Furqan berharap kemeterian/lembaga terkait bisa bergerak cepat menindaklanjuti arahan Presiden Joko Widodo.
“Langkah maju Presiden adalah sebuah kebijaksanaan dan kearifan untuk semua korban dan keluarga korban pelanggaran HAM berat di masa lalu, karena itu besar harapannya kementerian dan lembaga terkait dapat melaksanakan instruksi presiden dengan sebaik-baiknya dan secepat-cepatnya,” harap Furqan.
Beberapa kementerian dimaksud antara lain Kemenko Polhukam, Kemenko Pembangunan Manusia & Kebudayaan, Kementerian Hukum.& HAM, Kementerian Sosial, Kementerian Luat Negeri, serta Kementerian Pekerjaan Umum & Perumahan Rakyat (PUPR).
Presiden sebelumnya telah menegaskan bahwa langkah non yudisial ini tanpa menegasikan penyelesaian yudisial.
“Kebenaran tetap harus diungkap, tapi pemulihan hak dan kehidupan korban HAM harus didahulukan” tegas Furqan AMC, yang juga aktivis 98 ini.
Lebih lanjut, Furqan menjelaskan, ada ratusan ribu korban dan keluarga korban selama puluhan tahun telah diabaikan haknya sebagai warga negara, didiskriminasi dalam kehidupan sosial politik, dibatasi lapangan kerjanya, bahkan ribuan di antaranya ada yang terusir dari tanah air tercinta.

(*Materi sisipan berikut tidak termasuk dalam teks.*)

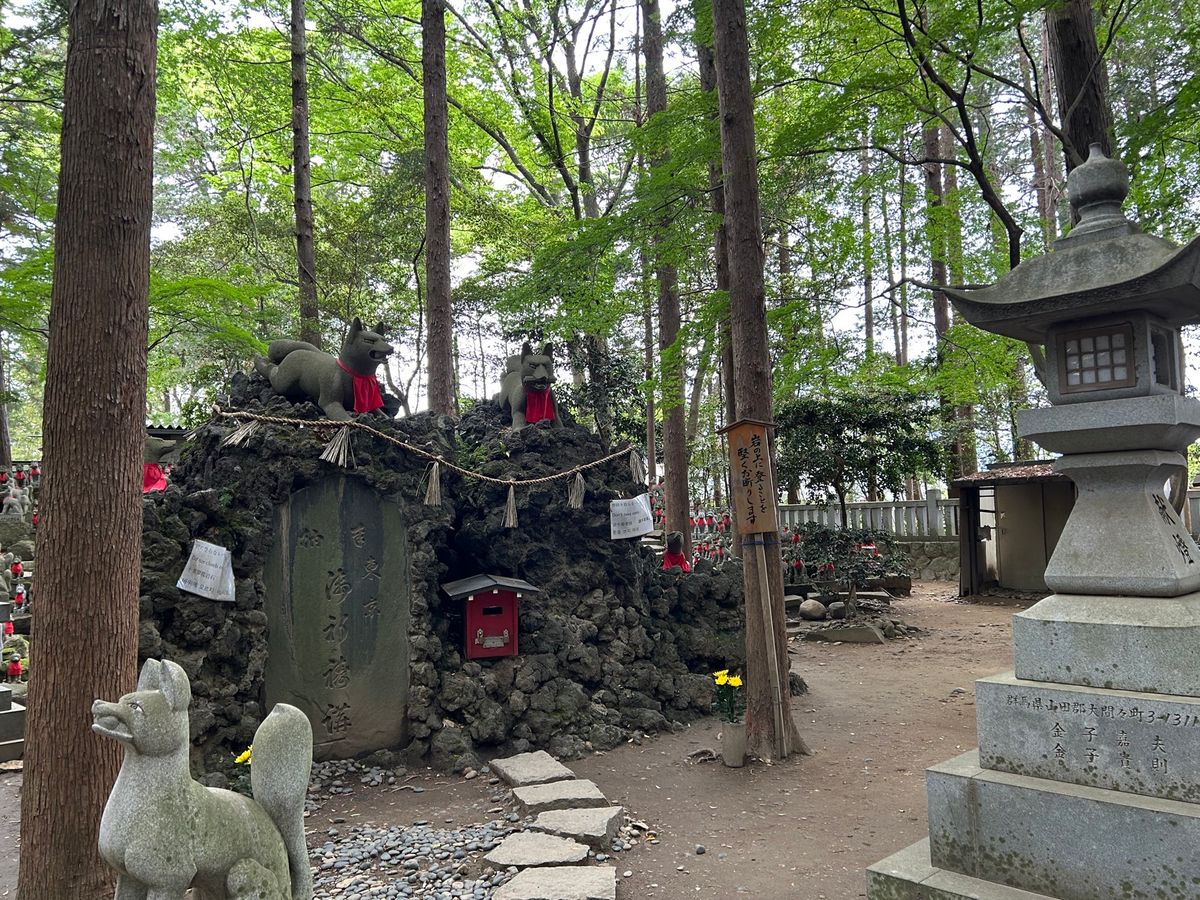 豊川稲荷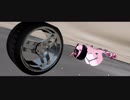 【MMD】Caterpillar 【100,000 Miles】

Adapun 12 pelanggaran HAM berat yang dimaksud adalah peristiwa 1965-1966; penembakan misterius (1982-1985); peristiwa Talangsari, Lampung (1989); peristiwa Rumah Geudong dan Pos Sattis, Aceh (1989).
Kemudian, peristiwa penghilangan orang secara paksa (1997-1998); kerusuhan Mei (1998); peristiwa Trisakti dan Semanggi I-II (1998-1999); peristiwa pembunuhan dukun santet (1998-1999); peristiwa Simpang KKA, Aceh (1999); peristiwa Wasior, Papua (2001-2002); peristiwa Wamena, Papua (2003); dan peristiwa Jambo Keupok, Aceh (2003).